The president’s supporters pointed to his calls for unity after the shooting, and Biden said he had a “brief but meaningful” call with Trump.
Biden campaign officials denounced criticism from Republican lawmakers and said politicizing the tragedy was an unacceptable abdication of leadership.
Still, the assassination attempt has tilted the tide of the election in Trump’s favor.
It’s a remarkable twist of fate for Trump, who has glorified violence throughout his political career, from encouraging attendees at a 2016 rally to “fuck the hell out” of protesters to urging his supporters to “fight like hell” before storming the U.S. Capitol on January 6, 2021.
“It would be insufficient and meaningless for Biden to today ritually condemn political violence (if it were to occur),” posted Vivek Ramaswami, who ran against Trump in the 2024 Republican primary.
A rebellious image
Republican pollster Frank Luntz said the shooting guarantees that “everyone who voted for Trump is actually going to vote,” but that Biden can’t count on that certainty. The biggest impact, he said, will likely be in Pennsylvania, a must-win battleground state for Biden, because that’s where the shooting happened.
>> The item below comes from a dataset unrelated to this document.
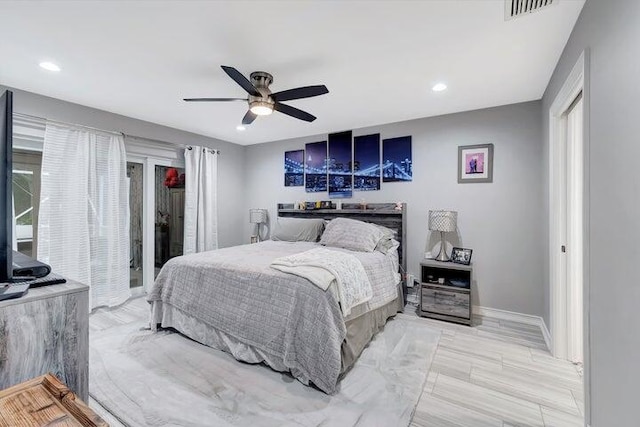 bedroom featuring ceiling fan and light hardwood / wood-style flooring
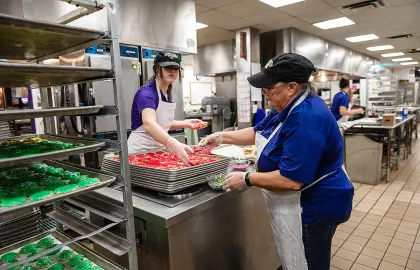 Workers decorating Christmas cookies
“The long and winding road for Joe Biden just got even longer and more winding,” Luntz posted on X. “The shooting of Donald Trump will have profound consequences in ways the shooter never intended.”
With Trump dominating the national debate, there is little Biden can do in the short term to advance an anti-Trump message, heal Democratic Party divisions or change the dynamics of the race in a way that reassures skeptics.
“This should give Donald Trump an edge among independents, at least for a while,” said Matthew Wilson, a political science professor at Southern Methodist University. “A picture of Donald Trump with a bloodied, pumped fist and defiance is going to be more effective than any publicity money can buy.”
But others have warned about exaggerating the impact of this moment, pointing out that the polls have shown little change even after other big events, such as Biden’s disastrous debate defeat and Trump’s conviction in New York’s hush-money trial.
Senator Bernie Sanders, a leading progressive voice, expressed confidence in Biden’s chances of winning as long as he stays focused on his second-term plans to strengthen Social Security, lower drug prices and expand worker rights.
“If he keeps talking about it, I think he’ll get re-elected,” Sanders said on NBC’s “Meet the Press.”